● Instructions to follow
Once the line with "BA-114 Bộ Bàn Ăn Luna Round và 4 Ghế Bull" is found, write it out along with each later line exactly, through the end of the entries, skipping every picture.

● Records to use
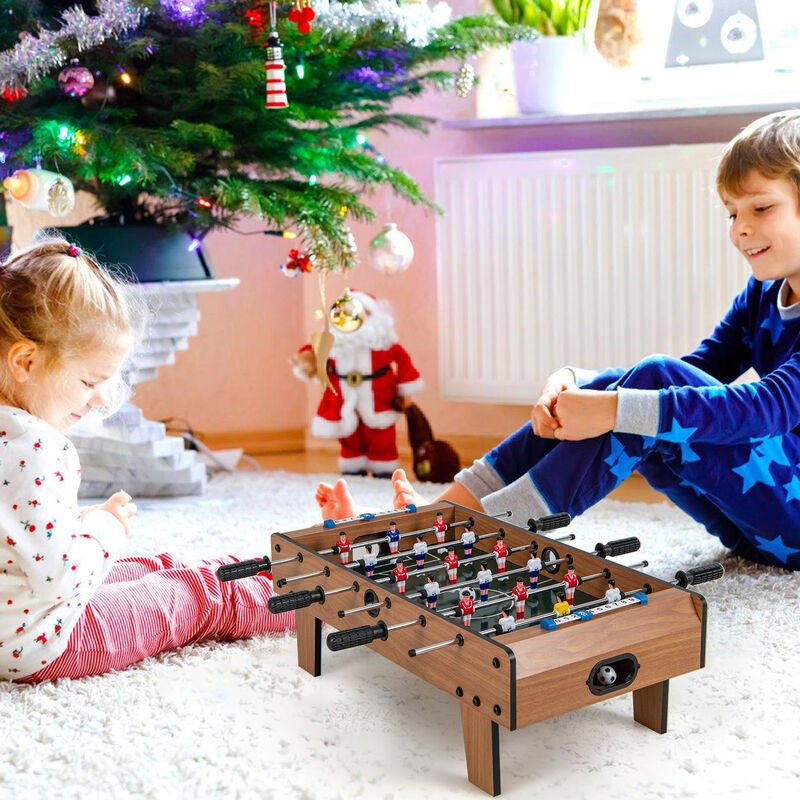 Portable Tabletop Foosball Game for Kids Adults and Indoor Play-Natural image number 4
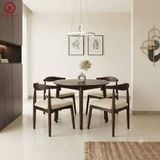  BA-114 Bộ Bàn Ăn Luna Round và 4 Ghế Bull 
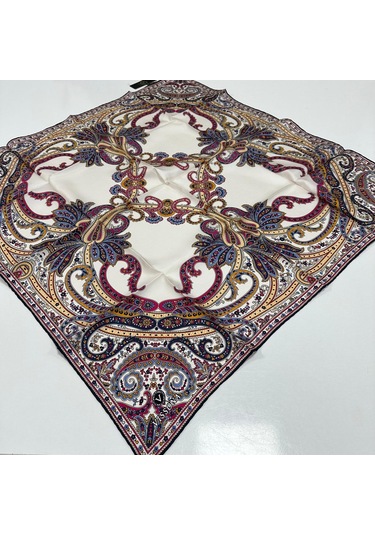 Vissona Twill İpek Eşarp Ipk6703-37854 Çok Renkli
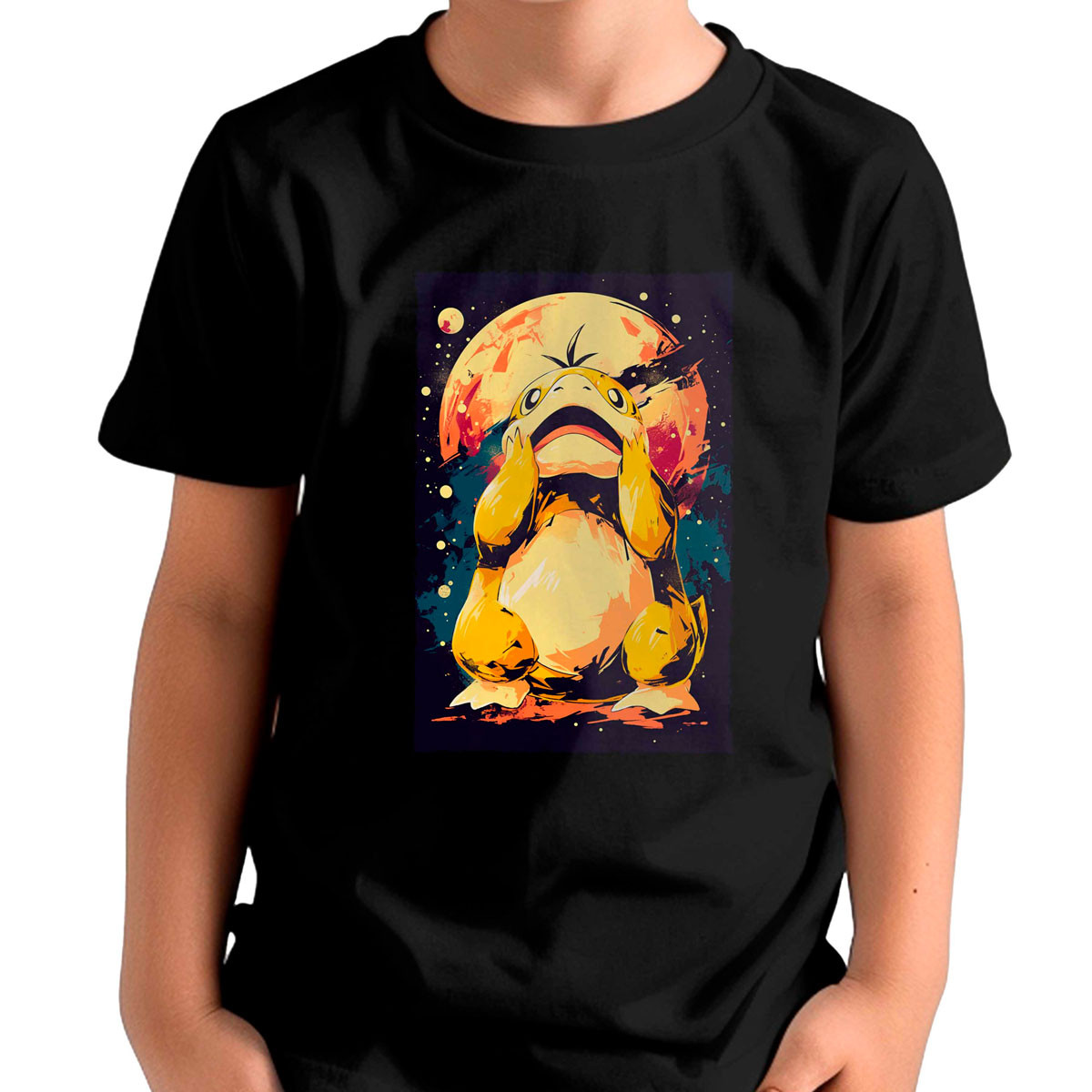 polera-ni-o-psyduck-y-luna-pok-mon-negro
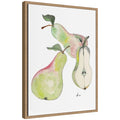 Sylvie Watercolor Green Pears Framed Canvas by Viola Kreczmer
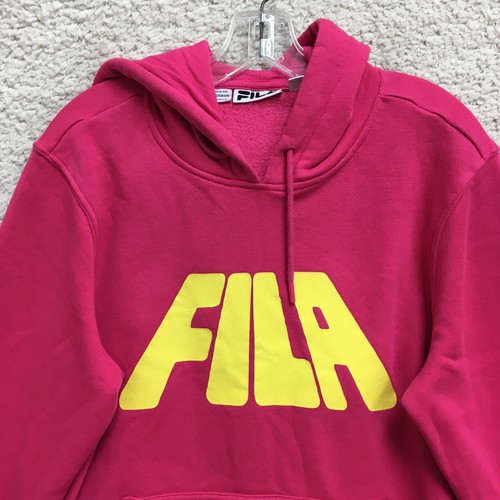 FILA Hoodie Extra Large Adult Pink Graphic Pullover Sweatshirt Athletic Women XL - Picture 2 of 11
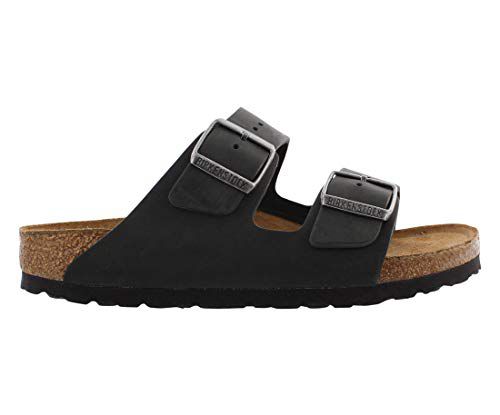 Birkenstock Women's Arizona Double Buckle Cork Sandals Brown
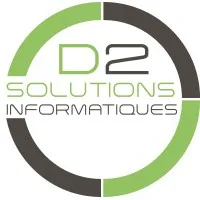 Voici le logo de la marque D2 SOLUTIONS INFORMATIQUES qui représente son identité graphique.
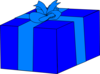 Blue Gift Box Clip Art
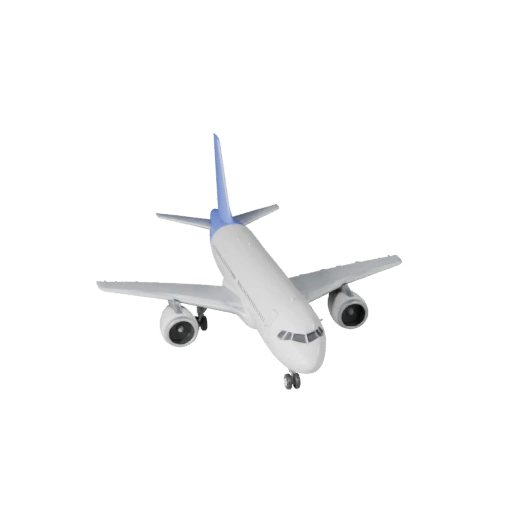 Airbus Inspired Passenger Jet 3D Model for Blender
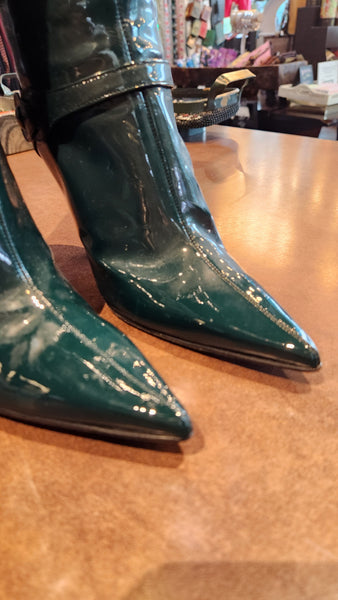 Jimmy Choo Green Patent Leather boots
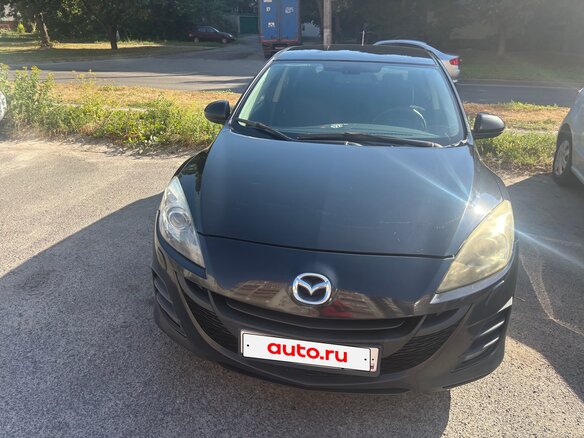 2009 Mazda 3 II (BL), чёрный, 810000 рублей - вид 2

● Completed task
  BA-114 Bộ Bàn Ăn Luna Round và 4 Ghế Bull 
 Vissona Twill İpek Eşarp Ipk6703-37854 Çok Renkli
 polera-ni-o-psyduck-y-luna-pok-mon-negro
 Sylvie Watercolor Green Pears Framed Canvas by Viola Kreczmer
 FILA Hoodie Extra Large Adult Pink Graphic Pullover Sweatshirt Athletic Women XL - Picture 2 of 11
 Birkenstock Women's Arizona Double Buckle Cork Sandals Brown
 Voici le logo de la marque D2 SOLUTIONS INFORMATIQUES qui représente son identité graphique.
 Blue Gift Box Clip Art
 Airbus Inspired Passenger Jet 3D Model for Blender
 Jimmy Choo Green Patent Leather boots
 2009 Mazda 3 II (BL), чёрный, 810000 рублей - вид 2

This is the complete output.